- Born: 1977 (age 48–49) Dublin
- Occupations: Chef and restaurateur

= Oliver Dunne =

Irish head chef and restaurant owner

Oliver Dunne (Dublin, 1977) is an Irish chef and restaurant owner. He is the owner of the Michelin-starred restaurant Bon Appétit in Malahide, County Dublin. Dunne was a regular guest in the former Irish TV-show The Afternoon Show.

Dunne started his career as commis at Gotham Café in Dublin. From there he went on to work at other places, including the Peacock Alley, before he left for London. In London he worked for chefs such as Gordon Ramsay and Gary Rhodes.

In 2003, Dunne returned to Ireland. He started working as head chef in restaurant Zucchini in Ranelagh. Within a few weeks, he renamed the place to Mint. In 2006, Dylan McGrath took over the spadle when Dunne bought Bon Appétit in Malahide. Dunne was awarded a Michelin star in 2008 for his cooking there.

Besides his work at the restaurant, Dunne also acts as guest-chef for the Dublin Cookery School, an institution for cooking courses.

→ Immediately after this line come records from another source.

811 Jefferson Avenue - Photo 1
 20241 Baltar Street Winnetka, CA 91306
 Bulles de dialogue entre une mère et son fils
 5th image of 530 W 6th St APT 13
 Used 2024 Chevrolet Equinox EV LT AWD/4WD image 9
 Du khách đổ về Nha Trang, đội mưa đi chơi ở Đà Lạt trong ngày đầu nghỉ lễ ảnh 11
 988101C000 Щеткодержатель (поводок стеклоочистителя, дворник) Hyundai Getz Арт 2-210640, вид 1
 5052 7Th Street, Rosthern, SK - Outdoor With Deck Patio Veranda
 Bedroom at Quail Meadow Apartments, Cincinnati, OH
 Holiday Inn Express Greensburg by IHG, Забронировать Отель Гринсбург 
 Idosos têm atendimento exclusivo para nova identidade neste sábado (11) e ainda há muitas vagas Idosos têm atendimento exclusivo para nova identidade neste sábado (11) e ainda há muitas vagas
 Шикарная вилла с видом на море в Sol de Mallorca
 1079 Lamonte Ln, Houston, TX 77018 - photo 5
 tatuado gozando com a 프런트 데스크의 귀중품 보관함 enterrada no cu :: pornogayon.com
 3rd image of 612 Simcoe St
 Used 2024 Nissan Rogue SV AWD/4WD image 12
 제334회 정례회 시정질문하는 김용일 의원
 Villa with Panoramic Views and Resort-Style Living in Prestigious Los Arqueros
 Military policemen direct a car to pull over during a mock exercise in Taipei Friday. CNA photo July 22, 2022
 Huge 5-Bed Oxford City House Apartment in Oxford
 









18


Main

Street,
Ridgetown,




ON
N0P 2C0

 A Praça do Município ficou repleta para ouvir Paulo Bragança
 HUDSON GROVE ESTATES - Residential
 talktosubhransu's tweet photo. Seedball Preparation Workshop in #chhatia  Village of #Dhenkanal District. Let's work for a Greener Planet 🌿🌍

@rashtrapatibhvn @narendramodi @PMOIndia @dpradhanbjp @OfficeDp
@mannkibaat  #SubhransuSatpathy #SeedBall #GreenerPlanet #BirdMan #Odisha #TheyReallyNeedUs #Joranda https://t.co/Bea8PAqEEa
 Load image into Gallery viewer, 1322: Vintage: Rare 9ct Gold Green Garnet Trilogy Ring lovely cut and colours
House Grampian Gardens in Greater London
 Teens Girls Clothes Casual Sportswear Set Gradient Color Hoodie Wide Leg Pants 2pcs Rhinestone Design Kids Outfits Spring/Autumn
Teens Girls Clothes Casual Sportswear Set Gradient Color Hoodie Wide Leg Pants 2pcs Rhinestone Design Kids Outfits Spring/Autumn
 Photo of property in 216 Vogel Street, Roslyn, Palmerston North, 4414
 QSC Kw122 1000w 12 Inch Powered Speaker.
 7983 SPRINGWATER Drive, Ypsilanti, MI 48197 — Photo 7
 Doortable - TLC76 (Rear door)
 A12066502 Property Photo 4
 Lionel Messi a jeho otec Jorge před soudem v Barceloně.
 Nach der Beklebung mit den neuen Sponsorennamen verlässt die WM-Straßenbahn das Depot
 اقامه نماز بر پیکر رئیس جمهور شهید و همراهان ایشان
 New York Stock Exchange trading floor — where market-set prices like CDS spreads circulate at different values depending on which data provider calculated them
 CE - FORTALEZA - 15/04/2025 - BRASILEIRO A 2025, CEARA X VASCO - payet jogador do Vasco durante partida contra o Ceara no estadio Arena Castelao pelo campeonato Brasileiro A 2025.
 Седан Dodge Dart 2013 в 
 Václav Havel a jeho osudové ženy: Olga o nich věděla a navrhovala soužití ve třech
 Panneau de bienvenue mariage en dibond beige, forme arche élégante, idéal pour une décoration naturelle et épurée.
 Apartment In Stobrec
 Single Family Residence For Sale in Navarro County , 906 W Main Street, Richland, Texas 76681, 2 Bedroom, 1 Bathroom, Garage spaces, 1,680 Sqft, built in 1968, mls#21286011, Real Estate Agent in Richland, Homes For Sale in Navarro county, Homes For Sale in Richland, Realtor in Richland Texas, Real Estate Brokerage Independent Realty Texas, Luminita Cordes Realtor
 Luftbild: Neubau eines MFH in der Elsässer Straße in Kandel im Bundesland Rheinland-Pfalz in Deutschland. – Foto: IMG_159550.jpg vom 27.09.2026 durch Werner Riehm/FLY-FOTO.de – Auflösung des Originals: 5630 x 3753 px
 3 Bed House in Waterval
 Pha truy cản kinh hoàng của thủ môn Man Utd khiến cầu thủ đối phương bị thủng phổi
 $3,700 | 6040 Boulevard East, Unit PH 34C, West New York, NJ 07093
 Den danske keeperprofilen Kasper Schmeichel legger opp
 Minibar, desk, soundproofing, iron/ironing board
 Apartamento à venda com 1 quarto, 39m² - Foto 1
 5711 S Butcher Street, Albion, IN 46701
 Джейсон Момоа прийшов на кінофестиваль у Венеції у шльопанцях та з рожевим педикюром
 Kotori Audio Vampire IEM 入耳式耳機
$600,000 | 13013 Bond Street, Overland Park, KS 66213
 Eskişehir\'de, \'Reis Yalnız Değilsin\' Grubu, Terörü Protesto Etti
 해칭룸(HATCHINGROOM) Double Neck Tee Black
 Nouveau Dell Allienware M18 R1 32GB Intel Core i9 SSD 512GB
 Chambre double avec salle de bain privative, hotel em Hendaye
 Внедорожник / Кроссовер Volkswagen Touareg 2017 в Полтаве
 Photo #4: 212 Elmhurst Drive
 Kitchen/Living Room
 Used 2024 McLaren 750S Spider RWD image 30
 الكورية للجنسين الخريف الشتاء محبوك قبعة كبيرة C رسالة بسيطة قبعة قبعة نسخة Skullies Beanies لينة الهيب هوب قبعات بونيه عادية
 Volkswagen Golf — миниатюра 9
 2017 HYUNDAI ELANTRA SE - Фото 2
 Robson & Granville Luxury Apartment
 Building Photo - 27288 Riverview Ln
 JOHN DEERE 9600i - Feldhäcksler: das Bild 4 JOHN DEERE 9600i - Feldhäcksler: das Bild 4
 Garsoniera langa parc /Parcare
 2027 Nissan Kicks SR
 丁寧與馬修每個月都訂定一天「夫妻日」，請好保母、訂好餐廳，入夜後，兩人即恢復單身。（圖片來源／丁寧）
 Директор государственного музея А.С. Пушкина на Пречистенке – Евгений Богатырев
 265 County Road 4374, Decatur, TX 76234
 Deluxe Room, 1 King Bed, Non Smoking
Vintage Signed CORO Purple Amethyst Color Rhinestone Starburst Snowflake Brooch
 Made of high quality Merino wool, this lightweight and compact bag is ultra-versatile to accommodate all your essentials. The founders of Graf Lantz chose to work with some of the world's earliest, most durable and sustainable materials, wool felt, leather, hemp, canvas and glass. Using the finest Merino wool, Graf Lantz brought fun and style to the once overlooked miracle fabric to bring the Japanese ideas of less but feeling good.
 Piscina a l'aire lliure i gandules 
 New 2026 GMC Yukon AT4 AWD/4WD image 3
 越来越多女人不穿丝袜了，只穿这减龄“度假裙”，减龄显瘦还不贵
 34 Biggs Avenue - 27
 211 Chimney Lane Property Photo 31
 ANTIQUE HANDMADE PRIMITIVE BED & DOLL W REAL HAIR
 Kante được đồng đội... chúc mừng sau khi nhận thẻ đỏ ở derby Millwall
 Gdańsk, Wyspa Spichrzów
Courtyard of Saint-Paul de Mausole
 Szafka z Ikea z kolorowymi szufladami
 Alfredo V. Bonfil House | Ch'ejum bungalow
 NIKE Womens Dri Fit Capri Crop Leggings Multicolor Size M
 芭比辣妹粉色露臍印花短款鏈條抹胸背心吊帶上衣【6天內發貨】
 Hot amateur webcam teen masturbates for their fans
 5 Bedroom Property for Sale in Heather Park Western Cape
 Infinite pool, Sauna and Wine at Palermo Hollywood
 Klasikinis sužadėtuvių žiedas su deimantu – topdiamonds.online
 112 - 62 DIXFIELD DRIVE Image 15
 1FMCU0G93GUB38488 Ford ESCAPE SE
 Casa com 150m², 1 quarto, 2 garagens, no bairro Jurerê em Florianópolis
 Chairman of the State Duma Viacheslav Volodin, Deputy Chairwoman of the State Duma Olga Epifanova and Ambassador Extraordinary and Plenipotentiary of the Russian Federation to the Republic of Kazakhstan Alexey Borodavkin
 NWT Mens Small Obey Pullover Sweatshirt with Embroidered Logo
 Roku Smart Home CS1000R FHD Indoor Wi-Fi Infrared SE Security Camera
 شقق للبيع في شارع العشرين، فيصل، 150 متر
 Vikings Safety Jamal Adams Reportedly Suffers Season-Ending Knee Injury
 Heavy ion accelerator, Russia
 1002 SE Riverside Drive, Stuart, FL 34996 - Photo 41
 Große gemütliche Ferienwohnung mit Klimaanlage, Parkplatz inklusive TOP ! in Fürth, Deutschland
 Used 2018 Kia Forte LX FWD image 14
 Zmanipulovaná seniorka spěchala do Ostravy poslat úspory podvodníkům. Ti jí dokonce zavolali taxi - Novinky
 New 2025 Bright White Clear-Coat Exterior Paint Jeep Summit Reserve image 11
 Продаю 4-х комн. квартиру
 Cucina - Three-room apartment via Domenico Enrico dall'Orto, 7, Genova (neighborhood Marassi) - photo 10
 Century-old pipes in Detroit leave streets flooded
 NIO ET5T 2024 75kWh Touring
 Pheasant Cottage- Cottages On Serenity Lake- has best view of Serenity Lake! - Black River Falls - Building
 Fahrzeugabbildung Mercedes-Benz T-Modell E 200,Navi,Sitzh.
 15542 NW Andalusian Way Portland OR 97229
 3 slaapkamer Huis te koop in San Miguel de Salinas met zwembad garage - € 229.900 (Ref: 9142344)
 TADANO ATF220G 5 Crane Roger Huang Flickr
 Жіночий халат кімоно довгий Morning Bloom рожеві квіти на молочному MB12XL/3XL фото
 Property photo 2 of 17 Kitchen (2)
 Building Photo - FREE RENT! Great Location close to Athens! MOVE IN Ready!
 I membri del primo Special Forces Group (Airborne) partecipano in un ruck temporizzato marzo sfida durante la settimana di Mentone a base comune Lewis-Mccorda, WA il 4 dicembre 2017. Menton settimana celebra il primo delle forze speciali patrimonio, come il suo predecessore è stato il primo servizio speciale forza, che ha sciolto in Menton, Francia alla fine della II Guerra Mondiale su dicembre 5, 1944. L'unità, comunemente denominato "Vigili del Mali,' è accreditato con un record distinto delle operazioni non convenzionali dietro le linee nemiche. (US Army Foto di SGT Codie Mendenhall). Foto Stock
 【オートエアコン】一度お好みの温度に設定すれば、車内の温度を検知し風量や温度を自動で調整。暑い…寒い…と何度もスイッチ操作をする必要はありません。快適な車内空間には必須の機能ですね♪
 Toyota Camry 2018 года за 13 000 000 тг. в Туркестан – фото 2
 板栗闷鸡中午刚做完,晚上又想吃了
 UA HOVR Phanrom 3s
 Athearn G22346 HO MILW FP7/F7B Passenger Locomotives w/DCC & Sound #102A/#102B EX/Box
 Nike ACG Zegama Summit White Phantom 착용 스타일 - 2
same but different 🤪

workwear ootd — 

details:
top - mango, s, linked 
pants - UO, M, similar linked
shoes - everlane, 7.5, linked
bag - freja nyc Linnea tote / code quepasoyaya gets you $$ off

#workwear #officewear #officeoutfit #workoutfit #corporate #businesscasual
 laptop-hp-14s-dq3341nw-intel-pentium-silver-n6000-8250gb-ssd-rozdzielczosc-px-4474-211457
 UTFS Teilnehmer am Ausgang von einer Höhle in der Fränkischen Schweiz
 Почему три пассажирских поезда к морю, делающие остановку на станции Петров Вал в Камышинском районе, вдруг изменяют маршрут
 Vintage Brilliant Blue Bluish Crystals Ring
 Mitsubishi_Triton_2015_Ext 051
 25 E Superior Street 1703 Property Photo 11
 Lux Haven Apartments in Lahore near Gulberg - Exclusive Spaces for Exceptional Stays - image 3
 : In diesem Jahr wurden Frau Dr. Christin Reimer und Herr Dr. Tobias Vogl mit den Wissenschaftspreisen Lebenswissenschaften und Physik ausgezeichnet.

In August 2013 he opened a new restaurant in the Clarence Hotel, together with Rory Carville.

== Severed head tweet ==
In August 2013, Dunne received a negative review by Sunday Independent food critic Lucinda O'Sullivan of his restaurant Cleaver East, which had recently opened. He posted an image on Twitter of himself holding a meat cleaver alongside Carville holding O'Sullivan's bloodied head. The image was reported to gardaí.

==Personal life==
Dunne lives in Malahide with his wife and two children.